Linux Process Management Guide

Running applications reliably on Linux means understanding how the OS thinks about processes — not just which commands to run. This guide covers the fundamentals: what processes are, how they live and die, how the OS controls them, and how modern process managers fit into that picture.

What Is a Process?

From Linux’s perspective, a process is a running instance of a program. It has:

A PID (Process ID) — unique integer, assigned by the kernel
A PPID (Parent PID) — the process that created it
An owner — user and group that control access
File descriptors — open files, sockets, pipes
Memory maps — stack, heap, code segments
An exit status — 0 for success, non-zero for error

You can see all processes with:

ps aux
# or more readable:
ps -eo pid,ppid,user,stat,comm --sort=pid | head -30

The Process Lifecycle

Every Linux process goes through the same lifecycle:

Created (fork/exec)
    ↓
Running (RUNNING or SLEEPING)
    ↓
Stopped (SIGSTOP) ← optional
    ↓
Zombie (waiting for parent to read exit status)
    ↓
Dead (removed from process table)

Running — actively executing or waiting for I/O Sleeping (S) — waiting for an event (I/O, timer, lock) Zombie (Z) — process has exited but parent hasn’t called wait() yet Stopped (T) — process is paused via SIGSTOP

The zombie state matters for process managers. When a managed process dies, the manager must call wait() to reap the zombie and free the PID. A leaky process manager that doesn’t reap children will accumulate zombie processes.

Process Signals

Signals are the OS’s mechanism for communicating with running processes. You’ve likely used kill — but kill sends any signal, not just termination.

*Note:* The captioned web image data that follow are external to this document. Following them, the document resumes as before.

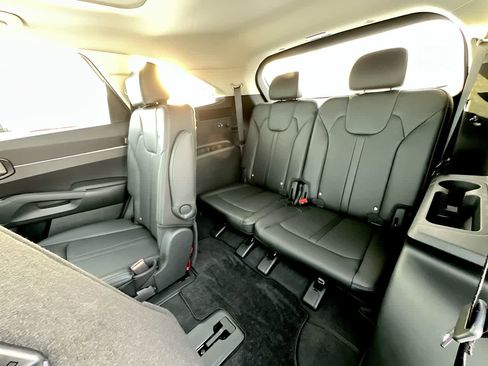 Certified 2025 Kia Sorento EX w/ Panoramic Sunroof Package image 24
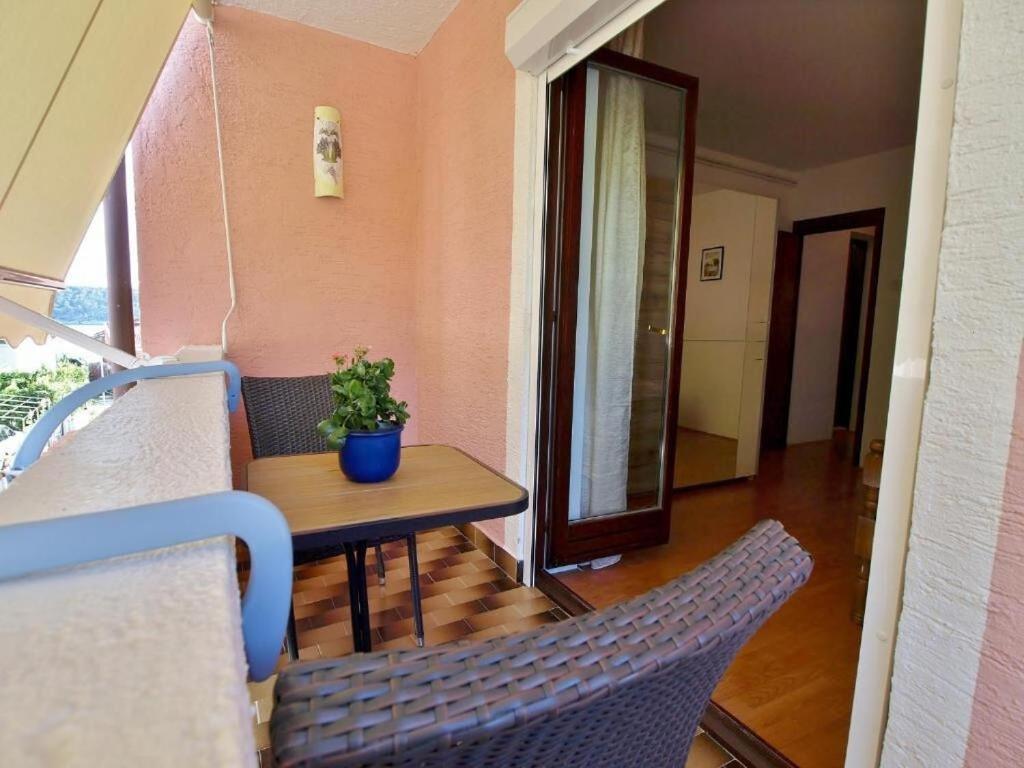 Apartments Zdenka - Garden Terrace Barbat na Rabu Kültér fotó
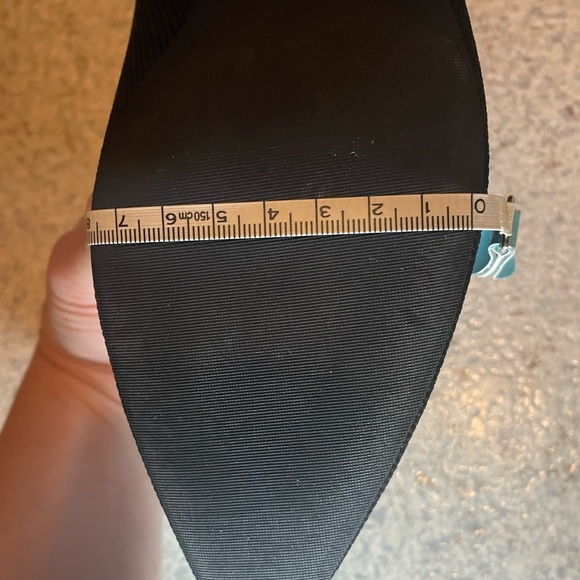 Vivaia pointed-Toe Kitten Heels (Scarlett) in Black - Picture 8 of 8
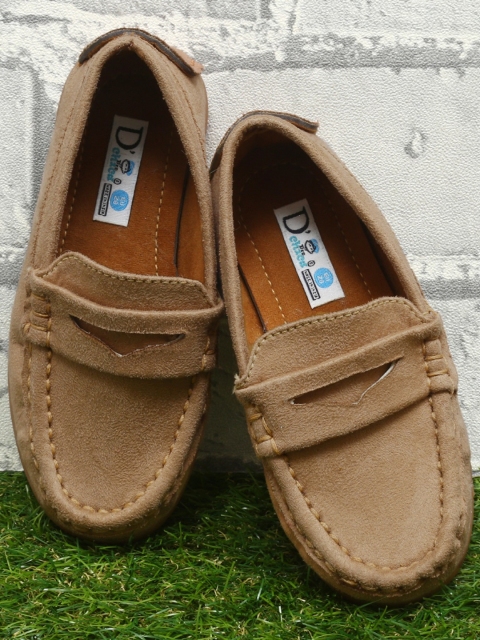

DChica Boys Beige Loafers
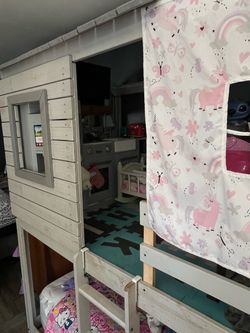 Twin bunk beds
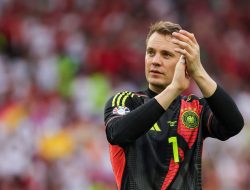 Manuel Neuer Masuk, Kudeta Status Penjaga Gawang Utama Jerman dari Oliver Baumann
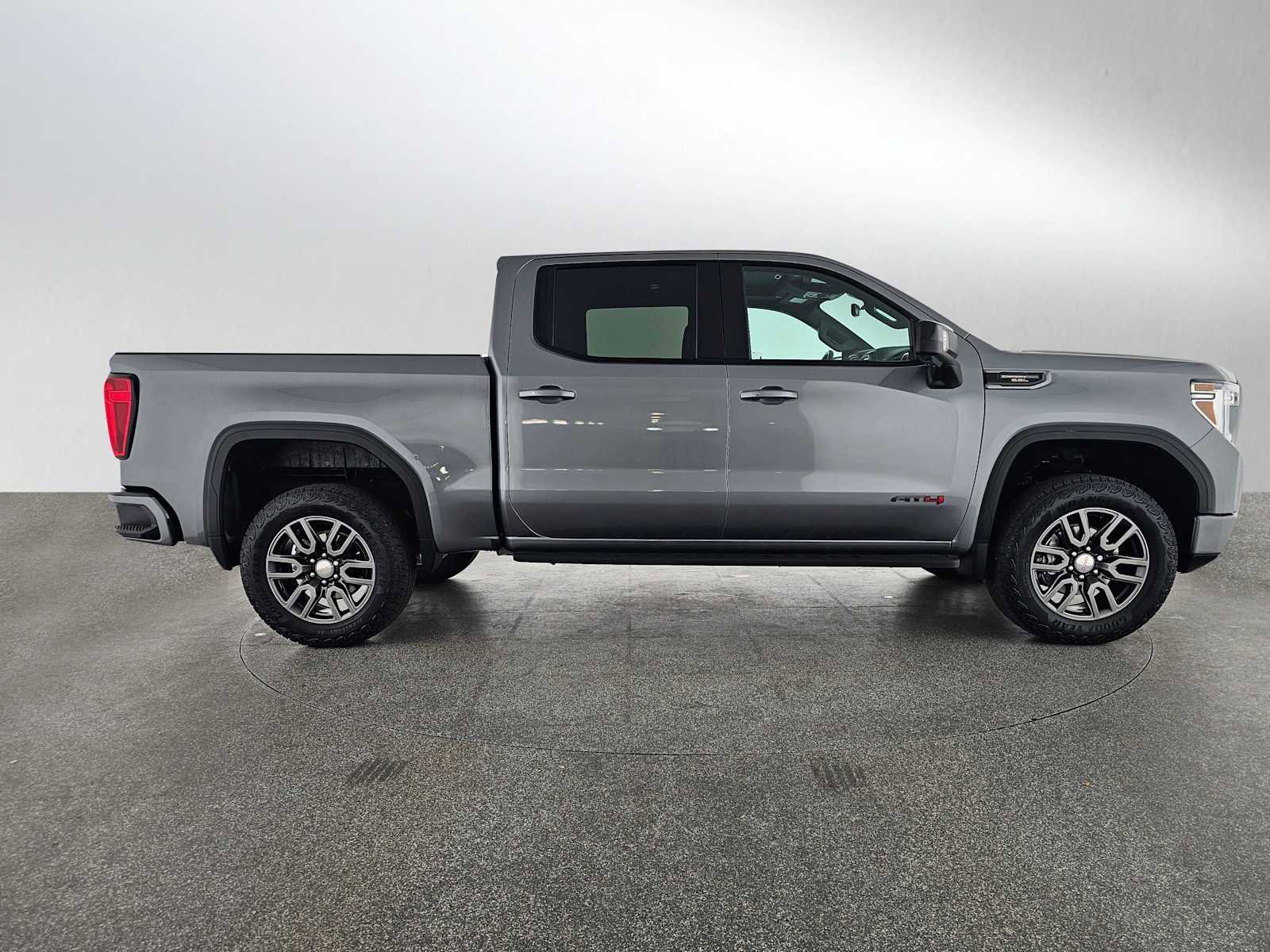 Used 2022 GMC Sierra 1500 AT4 w/ AT4 Premium Package image 2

Signal	Number	Default Action	Meaning
SIGHUP	1	Terminate	Terminal hangup / reload config
SIGINT	2	Terminate	Keyboard interrupt (Ctrl+C)
SIGQUIT	3	Core dump	Keyboard quit (Ctrl+\)
SIGKILL	9	Terminate	Forceful kill (cannot be caught)
SIGTERM	15	Terminate	Graceful termination request
SIGSTOP	19	Stop	Pause process (cannot be caught)
SIGCONT	18	Continue	Resume stopped process
SIGUSR1	10	Terminate	User-defined signal 1
SIGUSR2	12	Terminate	User-defined signal 2

SIGTERM vs SIGKILL

The most important distinction for production:

SIGTERM (15) — a polite request to shut down. The process can catch this signal, finish in-flight requests, flush buffers, close connections, and exit cleanly. This is what kill <pid> sends by default.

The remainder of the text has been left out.